» Exercise brief
As you look over the data below, please find each line where the word "Premium" appears, then copy it.

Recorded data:
:::

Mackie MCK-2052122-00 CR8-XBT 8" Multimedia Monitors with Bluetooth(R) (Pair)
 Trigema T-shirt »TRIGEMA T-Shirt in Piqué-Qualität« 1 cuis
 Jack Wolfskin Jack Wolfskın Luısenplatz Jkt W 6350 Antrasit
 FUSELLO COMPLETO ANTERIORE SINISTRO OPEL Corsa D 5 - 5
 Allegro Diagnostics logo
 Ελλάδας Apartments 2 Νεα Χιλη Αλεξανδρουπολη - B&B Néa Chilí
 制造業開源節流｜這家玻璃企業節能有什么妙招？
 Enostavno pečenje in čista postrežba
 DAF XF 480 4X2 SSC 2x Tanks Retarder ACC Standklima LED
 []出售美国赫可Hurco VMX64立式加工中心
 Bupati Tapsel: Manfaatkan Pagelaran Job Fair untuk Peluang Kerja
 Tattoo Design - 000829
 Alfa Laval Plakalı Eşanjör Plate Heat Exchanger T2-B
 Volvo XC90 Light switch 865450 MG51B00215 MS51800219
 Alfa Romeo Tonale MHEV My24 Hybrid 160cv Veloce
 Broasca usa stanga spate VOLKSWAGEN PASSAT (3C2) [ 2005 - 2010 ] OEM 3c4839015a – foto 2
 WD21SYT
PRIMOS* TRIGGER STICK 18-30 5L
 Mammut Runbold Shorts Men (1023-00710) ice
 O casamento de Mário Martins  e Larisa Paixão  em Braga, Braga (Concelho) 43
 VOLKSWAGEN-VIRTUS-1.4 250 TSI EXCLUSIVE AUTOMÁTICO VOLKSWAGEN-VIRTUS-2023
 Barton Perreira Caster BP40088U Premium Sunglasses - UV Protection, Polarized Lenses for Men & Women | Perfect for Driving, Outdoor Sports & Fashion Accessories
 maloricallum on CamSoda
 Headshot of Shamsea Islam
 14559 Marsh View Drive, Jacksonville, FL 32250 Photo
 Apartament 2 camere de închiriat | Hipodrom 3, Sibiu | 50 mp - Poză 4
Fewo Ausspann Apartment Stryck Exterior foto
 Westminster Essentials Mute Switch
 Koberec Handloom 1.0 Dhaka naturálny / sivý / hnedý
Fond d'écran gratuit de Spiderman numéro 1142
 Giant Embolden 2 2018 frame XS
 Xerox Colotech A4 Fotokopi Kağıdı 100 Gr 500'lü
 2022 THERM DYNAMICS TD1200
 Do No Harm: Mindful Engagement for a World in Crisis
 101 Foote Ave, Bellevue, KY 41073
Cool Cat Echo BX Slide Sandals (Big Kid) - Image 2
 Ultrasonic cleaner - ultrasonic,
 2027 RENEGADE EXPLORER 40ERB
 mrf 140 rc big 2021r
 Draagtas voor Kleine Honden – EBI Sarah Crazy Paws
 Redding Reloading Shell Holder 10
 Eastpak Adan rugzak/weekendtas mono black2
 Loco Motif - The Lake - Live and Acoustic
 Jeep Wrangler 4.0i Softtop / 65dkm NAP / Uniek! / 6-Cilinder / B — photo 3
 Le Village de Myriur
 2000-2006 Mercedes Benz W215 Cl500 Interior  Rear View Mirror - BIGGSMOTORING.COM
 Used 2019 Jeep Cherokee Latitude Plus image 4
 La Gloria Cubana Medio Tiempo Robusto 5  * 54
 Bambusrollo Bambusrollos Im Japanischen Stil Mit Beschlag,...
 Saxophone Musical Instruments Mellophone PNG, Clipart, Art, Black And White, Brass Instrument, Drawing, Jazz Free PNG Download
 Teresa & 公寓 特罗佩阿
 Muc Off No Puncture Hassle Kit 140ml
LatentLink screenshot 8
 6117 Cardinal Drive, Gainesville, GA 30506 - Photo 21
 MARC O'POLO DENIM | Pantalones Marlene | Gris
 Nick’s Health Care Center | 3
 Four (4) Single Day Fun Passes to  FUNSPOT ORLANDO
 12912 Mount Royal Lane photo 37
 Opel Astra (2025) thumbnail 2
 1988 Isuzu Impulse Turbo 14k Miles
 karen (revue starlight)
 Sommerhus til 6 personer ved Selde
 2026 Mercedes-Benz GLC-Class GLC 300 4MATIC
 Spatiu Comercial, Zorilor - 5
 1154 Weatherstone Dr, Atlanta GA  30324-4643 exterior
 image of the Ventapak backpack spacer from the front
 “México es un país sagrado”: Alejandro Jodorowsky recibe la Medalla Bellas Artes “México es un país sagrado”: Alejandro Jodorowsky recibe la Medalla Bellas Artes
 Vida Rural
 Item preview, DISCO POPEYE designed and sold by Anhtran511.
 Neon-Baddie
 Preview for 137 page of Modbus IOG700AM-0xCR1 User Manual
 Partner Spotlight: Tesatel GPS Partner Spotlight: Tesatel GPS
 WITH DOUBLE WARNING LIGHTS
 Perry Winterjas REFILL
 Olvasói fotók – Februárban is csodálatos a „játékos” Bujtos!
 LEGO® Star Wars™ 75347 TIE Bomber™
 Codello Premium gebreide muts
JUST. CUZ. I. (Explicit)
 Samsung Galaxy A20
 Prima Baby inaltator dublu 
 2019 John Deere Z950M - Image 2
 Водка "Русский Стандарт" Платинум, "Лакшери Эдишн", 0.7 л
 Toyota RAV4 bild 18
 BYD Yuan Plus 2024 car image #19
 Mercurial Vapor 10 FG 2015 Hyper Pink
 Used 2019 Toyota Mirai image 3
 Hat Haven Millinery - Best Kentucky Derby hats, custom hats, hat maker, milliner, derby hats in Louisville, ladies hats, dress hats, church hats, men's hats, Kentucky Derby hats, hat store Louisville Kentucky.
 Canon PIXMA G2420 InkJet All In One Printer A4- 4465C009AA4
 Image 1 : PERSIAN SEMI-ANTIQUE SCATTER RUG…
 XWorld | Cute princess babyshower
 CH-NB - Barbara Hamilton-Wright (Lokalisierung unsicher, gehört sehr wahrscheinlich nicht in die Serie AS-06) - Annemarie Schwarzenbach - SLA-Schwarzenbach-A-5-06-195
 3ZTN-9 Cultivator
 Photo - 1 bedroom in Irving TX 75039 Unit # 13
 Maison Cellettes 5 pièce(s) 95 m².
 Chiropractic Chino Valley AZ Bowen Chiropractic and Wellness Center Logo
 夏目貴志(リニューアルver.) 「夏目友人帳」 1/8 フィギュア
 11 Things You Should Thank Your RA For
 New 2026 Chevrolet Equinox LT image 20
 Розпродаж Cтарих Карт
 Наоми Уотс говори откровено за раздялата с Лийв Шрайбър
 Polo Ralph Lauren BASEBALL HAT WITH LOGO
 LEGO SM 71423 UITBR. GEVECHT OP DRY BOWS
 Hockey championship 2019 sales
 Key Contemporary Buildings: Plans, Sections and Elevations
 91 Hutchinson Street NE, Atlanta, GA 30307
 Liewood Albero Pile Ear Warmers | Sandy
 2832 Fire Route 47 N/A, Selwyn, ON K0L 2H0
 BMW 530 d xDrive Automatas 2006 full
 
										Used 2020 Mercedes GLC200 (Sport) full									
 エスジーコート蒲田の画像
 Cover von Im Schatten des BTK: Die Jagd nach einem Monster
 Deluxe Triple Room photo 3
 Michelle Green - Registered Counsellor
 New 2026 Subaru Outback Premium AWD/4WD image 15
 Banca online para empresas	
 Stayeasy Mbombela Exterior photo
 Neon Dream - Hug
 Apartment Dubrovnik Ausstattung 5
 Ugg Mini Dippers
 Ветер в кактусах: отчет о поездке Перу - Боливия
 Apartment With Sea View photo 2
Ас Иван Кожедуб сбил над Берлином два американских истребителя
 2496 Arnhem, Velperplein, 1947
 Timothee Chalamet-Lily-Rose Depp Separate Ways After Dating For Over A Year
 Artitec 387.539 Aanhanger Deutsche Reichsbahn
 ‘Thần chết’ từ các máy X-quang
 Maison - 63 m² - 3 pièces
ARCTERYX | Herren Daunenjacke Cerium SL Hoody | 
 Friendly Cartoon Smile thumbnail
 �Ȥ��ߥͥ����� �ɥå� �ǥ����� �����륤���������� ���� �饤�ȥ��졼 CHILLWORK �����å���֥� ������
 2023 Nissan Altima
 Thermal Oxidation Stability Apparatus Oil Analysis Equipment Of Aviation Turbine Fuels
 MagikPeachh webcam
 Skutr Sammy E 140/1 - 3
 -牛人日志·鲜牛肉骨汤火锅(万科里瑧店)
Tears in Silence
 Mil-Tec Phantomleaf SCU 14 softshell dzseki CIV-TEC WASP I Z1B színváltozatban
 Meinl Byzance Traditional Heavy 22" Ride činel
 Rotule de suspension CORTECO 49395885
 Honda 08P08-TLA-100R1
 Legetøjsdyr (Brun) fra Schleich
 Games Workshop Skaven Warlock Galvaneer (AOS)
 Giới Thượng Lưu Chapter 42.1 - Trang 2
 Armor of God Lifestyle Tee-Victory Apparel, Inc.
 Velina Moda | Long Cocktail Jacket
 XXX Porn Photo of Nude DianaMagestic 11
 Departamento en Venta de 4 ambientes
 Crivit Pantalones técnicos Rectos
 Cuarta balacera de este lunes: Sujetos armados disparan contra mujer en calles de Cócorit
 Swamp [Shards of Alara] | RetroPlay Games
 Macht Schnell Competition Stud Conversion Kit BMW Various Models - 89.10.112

:::

» Your solution
 Barton Perreira Caster BP40088U Premium Sunglasses - UV Protection, Polarized Lenses for Men & Women | Perfect for Driving, Outdoor Sports & Fashion Accessories
 Codello Premium gebreide muts
 New 2026 Subaru Outback Premium AWD/4WD image 15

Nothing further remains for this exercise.